Chaffin v. Taylor, 114 U.S. 309 (1885)

Chaffin v. Taylor

Argued March 20, 23-25

Decided April 20, 1885

114 U.S. 309

I

N ERROR TO THE SUPREME COURT OF

APPEALS OF THE STATE OF VIRGINIA

Syllabus

This case falls within the decision in Poindexter v. Greenhow, ante, p. 114 U. S. 270.

MR. JUSTICE MATTHEWS delivered the opinion of the Court.

This was an action in trespass de bonis asportatis brought by the plaintiff in error against the defendant in the Circuit Court for the County of Henrico, in Virginia, for the recovery of $150 damages for unlawfully entering upon the plaintiff's premises and seizing, taking, and carrying away one horse, the property of the plaintiff, of the value of $100.

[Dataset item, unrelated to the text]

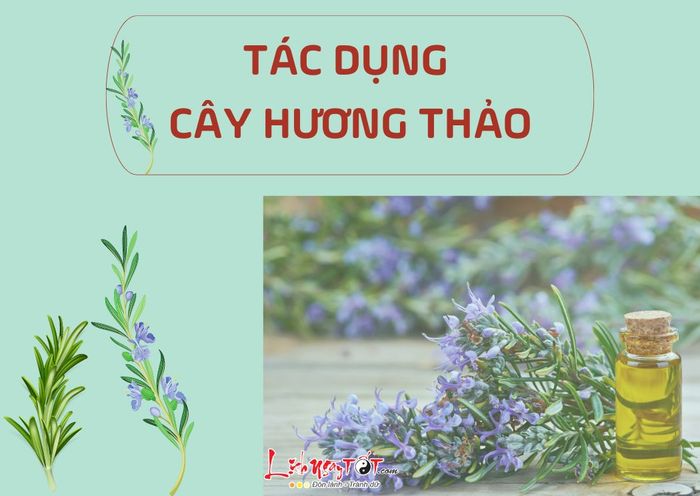 Tác dụng của cây hương thảo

The defendant justified the taking, etc., as Treasurer of Henrico County, charged by law with the duty of collecting taxes due the State of Virginia on property and persons in said county, alleging that the property was lawfully seized and taken for taxes due from the plaintiff to the state, which, on demand, he had refused to pay.

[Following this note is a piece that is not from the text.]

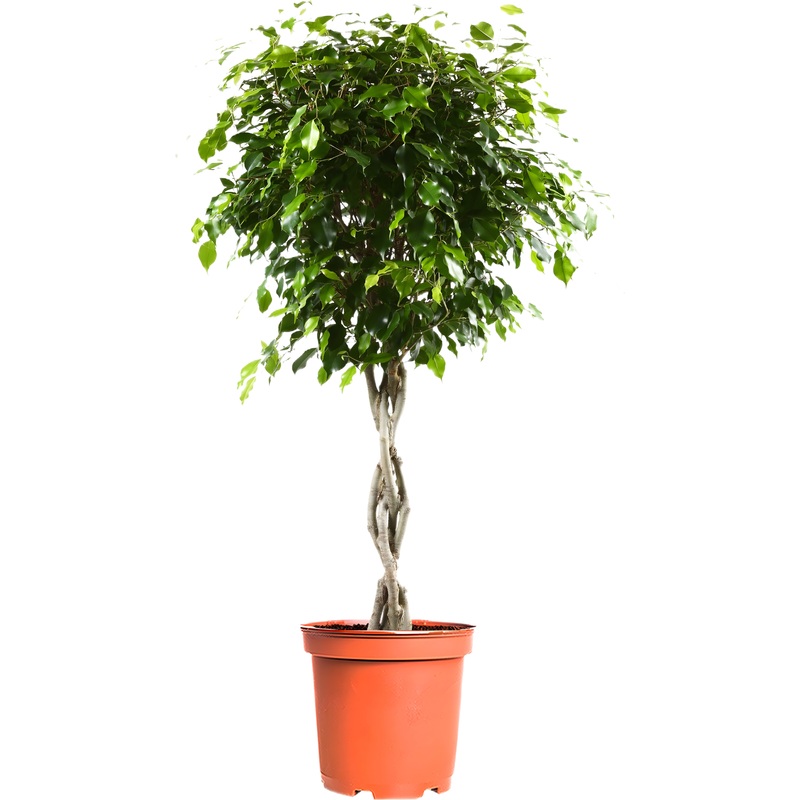 Изображение товара Растение Фикус Экзотика переплетённый 110 см в горшке D23 см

To this plea the plaintiff replied a tender in payment of the taxes, when demanded and before the trespass complained of, of the amount due, in coupons cut from bonds of the State of Virginia, receivable in payment of taxes by virtue of the Act of March 30, 1871.

To the replication the defendant demurred specially, on the ground first, that by the Act of January 26, 1882, he was forbidden to receive coupons in payment of taxes, and second that by the Act of March 13, 1884, an action of trespass would not lie in such a case.

Page 114 U. S. 310

In this demurrer the plaintiff joined, and assigned as a reason why it should be overruled that the two statutes mentioned and relied on by the defendant were repugnant to Section 10, Article I, of the Constitution of the United States, and therefore null and void.

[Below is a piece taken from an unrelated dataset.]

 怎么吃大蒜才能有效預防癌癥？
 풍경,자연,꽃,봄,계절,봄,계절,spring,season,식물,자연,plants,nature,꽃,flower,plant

Judgment was rendered on the demurrer in favor of the defendant. Thereafter, on November 25, 1884, the plaintiff filed his petition in the Supreme Court of Appeals of Virginia for the allowance of a writ of error; whereupon, as the record recites, the petition,

"having been maturely considered, and the transcript of the record of the judgment aforesaid seen and inspected, the court, being of opinion that said judgment is plainly right, doth deny the said writ."

To reverse this judgment this writ of error is prosecuted.

The judgment of the Supreme Court of Appeals is in substance a judgment affirming the judgment of the Circuit Court of Henrico County, and is therefore reviewable upon this writ of error by this Court, the case being one which arises under the Constitution of the United States. Williams v. Bruffey, 102 U. S. 248.

The merits of the case are disposed of by the opinion in Poindexter v. Greenhow, in which it was decided that the Act of January 26, 1882, and the Act of March 13, 1884, were unconstitutional, and therefore null and void.

It is not denied that, but for these acts, the action of trespass would lie in such a case under the laws of Virginia, and as the acts relied on by the defendant must be treated as ineffectual for every purpose, they do not work a repeal of the previously existing law.

The judgment of the Supreme Court of appeals is accordingly reversed, and the cause is remanded to that court with directions to take further proceedings in accordance with law in conformity with this opinion.

MR. JUSTICE BRADLEY, with whom concurred THE CHIEF JUSTICE, MR. JUSTICE MILLER, and MR. JUSTICE GRAY, dissented. Their dissenting opinion will be found post, page 114 U. S. 330, after the opinion of the Court in Marye v. Parsons.